_Instructions to follow:_ What you return must be every line from the beginning of the data through the line holding "Power Struggles", unchanged.

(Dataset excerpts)
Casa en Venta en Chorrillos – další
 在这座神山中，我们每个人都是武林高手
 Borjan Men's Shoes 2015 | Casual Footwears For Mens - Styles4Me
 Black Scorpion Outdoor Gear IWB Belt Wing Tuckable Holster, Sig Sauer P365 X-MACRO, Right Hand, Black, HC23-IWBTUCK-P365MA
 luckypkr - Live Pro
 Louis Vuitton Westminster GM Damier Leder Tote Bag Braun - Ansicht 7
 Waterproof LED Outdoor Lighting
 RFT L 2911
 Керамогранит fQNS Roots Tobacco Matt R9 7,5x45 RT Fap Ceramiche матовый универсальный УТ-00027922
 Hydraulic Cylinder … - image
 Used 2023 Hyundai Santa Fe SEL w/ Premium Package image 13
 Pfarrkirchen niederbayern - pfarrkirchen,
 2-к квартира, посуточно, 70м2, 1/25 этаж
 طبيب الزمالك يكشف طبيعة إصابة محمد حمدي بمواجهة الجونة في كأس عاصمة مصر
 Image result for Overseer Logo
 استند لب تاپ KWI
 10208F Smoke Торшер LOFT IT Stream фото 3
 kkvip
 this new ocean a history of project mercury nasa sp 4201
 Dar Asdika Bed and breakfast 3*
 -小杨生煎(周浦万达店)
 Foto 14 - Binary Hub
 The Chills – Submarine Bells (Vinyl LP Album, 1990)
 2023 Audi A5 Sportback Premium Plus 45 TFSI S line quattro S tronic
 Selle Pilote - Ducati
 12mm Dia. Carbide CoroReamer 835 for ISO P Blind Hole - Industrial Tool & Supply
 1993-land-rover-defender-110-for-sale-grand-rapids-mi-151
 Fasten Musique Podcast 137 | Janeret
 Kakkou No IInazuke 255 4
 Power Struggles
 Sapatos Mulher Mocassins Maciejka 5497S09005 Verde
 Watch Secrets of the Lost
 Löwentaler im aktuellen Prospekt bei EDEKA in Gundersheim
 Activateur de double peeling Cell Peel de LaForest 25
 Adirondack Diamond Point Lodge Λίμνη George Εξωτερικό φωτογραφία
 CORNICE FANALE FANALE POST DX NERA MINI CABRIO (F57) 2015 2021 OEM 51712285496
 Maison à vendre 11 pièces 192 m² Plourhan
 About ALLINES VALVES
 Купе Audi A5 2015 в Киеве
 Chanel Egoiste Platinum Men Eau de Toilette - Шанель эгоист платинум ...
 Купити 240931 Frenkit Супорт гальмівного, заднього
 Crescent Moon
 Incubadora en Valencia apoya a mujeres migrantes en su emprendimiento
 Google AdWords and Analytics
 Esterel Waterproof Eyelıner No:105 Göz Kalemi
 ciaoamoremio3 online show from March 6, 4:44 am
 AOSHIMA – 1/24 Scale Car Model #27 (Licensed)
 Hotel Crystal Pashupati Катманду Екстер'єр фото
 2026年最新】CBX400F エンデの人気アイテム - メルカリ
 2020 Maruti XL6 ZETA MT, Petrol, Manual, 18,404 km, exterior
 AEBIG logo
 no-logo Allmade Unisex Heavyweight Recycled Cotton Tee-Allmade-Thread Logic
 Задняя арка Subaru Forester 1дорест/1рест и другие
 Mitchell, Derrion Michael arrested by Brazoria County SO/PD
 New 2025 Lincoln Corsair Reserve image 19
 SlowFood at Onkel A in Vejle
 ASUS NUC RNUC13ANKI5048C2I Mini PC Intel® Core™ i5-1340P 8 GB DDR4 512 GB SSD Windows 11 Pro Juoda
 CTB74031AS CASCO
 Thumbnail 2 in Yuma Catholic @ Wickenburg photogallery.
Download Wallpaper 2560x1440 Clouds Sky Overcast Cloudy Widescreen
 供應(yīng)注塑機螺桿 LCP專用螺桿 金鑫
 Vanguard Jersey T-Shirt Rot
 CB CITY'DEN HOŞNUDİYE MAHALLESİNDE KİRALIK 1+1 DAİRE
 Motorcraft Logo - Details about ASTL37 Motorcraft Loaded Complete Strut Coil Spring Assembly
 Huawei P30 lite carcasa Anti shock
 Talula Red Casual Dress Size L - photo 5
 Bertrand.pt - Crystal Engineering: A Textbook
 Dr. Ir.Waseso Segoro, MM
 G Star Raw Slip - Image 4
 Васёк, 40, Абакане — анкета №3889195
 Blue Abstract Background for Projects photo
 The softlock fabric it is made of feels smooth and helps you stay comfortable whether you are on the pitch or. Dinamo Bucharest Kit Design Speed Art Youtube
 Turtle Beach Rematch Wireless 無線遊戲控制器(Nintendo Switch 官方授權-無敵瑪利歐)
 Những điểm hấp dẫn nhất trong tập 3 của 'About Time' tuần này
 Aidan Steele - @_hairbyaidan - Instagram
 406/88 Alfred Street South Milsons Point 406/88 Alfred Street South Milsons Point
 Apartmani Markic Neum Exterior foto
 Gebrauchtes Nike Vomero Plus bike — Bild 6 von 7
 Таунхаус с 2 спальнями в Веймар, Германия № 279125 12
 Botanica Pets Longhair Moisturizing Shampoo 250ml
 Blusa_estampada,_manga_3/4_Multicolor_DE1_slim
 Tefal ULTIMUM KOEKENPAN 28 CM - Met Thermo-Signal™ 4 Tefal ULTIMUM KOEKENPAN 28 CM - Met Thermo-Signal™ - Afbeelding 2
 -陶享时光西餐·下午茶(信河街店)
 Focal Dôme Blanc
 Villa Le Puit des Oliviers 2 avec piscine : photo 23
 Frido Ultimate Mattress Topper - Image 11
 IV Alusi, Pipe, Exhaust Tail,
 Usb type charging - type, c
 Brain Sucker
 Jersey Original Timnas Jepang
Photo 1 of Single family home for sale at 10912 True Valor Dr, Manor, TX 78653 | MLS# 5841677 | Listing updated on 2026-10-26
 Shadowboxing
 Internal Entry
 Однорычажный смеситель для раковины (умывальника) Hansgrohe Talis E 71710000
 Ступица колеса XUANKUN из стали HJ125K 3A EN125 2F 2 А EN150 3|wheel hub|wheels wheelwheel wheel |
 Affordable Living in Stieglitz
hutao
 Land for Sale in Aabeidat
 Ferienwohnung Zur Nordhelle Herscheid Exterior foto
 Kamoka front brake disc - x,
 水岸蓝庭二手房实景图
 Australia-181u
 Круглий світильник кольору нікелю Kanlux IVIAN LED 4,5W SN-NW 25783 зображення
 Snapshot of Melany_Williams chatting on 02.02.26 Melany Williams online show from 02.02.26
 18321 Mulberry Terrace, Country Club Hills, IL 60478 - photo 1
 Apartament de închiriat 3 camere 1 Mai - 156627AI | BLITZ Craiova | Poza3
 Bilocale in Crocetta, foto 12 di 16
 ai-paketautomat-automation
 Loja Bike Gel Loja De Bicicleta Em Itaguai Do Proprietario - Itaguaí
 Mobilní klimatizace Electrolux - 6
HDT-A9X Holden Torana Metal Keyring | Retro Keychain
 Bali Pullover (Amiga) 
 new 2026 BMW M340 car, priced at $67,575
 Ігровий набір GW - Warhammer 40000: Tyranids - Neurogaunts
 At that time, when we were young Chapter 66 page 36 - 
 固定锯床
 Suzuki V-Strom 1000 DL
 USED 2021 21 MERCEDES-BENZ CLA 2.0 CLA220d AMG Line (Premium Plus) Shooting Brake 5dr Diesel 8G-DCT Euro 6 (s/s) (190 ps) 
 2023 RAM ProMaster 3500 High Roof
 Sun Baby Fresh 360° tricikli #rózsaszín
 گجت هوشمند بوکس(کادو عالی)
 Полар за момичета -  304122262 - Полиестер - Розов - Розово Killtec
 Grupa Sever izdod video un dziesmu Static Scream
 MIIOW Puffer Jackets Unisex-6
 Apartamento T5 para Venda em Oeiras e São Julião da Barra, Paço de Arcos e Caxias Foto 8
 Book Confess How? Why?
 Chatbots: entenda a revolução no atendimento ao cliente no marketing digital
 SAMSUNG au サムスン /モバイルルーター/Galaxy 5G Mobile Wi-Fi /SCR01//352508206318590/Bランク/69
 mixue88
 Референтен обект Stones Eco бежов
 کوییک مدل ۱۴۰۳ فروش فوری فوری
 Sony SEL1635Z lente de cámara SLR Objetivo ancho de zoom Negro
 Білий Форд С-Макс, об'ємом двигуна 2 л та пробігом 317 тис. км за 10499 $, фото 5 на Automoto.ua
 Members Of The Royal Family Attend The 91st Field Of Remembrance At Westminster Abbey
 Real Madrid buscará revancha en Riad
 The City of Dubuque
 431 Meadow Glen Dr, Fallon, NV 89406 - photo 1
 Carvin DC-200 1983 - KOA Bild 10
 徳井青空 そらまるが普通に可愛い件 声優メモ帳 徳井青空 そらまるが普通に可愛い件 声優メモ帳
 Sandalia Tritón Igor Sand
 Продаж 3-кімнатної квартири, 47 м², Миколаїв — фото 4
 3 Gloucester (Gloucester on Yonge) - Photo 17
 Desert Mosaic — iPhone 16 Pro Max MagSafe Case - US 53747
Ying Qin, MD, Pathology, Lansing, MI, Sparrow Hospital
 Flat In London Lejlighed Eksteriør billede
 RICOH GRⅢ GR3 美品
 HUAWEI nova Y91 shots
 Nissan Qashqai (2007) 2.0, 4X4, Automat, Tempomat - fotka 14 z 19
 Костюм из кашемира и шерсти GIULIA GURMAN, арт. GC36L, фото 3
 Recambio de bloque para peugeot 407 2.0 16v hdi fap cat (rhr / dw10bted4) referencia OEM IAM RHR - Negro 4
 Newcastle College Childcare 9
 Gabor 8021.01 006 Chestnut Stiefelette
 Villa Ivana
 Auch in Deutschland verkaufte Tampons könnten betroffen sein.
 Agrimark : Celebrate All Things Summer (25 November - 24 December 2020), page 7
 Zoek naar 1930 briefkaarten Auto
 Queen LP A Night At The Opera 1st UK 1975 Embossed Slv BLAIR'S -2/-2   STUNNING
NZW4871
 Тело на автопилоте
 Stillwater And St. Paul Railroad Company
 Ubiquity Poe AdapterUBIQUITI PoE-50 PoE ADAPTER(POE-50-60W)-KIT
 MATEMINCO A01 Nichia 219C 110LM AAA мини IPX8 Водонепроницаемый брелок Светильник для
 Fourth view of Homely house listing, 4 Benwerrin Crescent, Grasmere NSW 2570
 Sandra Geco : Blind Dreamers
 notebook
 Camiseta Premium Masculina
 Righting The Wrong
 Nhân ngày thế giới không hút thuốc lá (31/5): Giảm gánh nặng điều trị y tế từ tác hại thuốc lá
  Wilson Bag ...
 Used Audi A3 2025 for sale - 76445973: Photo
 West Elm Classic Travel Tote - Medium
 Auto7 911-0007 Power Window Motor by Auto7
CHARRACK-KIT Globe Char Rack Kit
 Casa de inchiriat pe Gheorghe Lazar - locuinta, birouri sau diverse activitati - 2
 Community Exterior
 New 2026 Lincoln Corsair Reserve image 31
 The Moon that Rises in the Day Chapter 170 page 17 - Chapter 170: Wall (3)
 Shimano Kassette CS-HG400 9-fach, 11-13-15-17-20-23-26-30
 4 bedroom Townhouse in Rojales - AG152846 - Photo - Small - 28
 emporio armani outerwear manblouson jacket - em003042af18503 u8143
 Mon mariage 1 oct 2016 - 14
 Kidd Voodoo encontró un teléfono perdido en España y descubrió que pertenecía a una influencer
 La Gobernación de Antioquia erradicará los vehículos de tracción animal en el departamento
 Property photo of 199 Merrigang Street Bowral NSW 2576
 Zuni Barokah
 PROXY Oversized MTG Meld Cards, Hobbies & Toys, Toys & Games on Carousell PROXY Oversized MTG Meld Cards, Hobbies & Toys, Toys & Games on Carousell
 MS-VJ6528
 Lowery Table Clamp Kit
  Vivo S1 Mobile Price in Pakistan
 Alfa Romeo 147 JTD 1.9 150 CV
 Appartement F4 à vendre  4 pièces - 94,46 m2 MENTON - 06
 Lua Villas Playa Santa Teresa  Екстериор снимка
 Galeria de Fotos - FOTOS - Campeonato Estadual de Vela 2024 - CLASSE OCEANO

_Response for this exercise:_
Casa en Venta en Chorrillos – další
 在这座神山中，我们每个人都是武林高手
 Borjan Men's Shoes 2015 | Casual Footwears For Mens - Styles4Me
 Black Scorpion Outdoor Gear IWB Belt Wing Tuckable Holster, Sig Sauer P365 X-MACRO, Right Hand, Black, HC23-IWBTUCK-P365MA
 luckypkr - Live Pro
 Louis Vuitton Westminster GM Damier Leder Tote Bag Braun - Ansicht 7
 Waterproof LED Outdoor Lighting
 RFT L 2911
 Керамогранит fQNS Roots Tobacco Matt R9 7,5x45 RT Fap Ceramiche матовый универсальный УТ-00027922
 Hydraulic Cylinder … - image
 Used 2023 Hyundai Santa Fe SEL w/ Premium Package image 13
 Pfarrkirchen niederbayern - pfarrkirchen,
 2-к квартира, посуточно, 70м2, 1/25 этаж
 طبيب الزمالك يكشف طبيعة إصابة محمد حمدي بمواجهة الجونة في كأس عاصمة مصر
 Image result for Overseer Logo
 استند لب تاپ KWI
 10208F Smoke Торшер LOFT IT Stream фото 3
 kkvip
 this new ocean a history of project mercury nasa sp 4201
 Dar Asdika Bed and breakfast 3*
 -小杨生煎(周浦万达店)
 Foto 14 - Binary Hub
 The Chills – Submarine Bells (Vinyl LP Album, 1990)
 2023 Audi A5 Sportback Premium Plus 45 TFSI S line quattro S tronic
 Selle Pilote - Ducati
 12mm Dia. Carbide CoroReamer 835 for ISO P Blind Hole - Industrial Tool & Supply
 1993-land-rover-defender-110-for-sale-grand-rapids-mi-151
 Fasten Musique Podcast 137 | Janeret
 Kakkou No IInazuke 255 4
 Power Struggles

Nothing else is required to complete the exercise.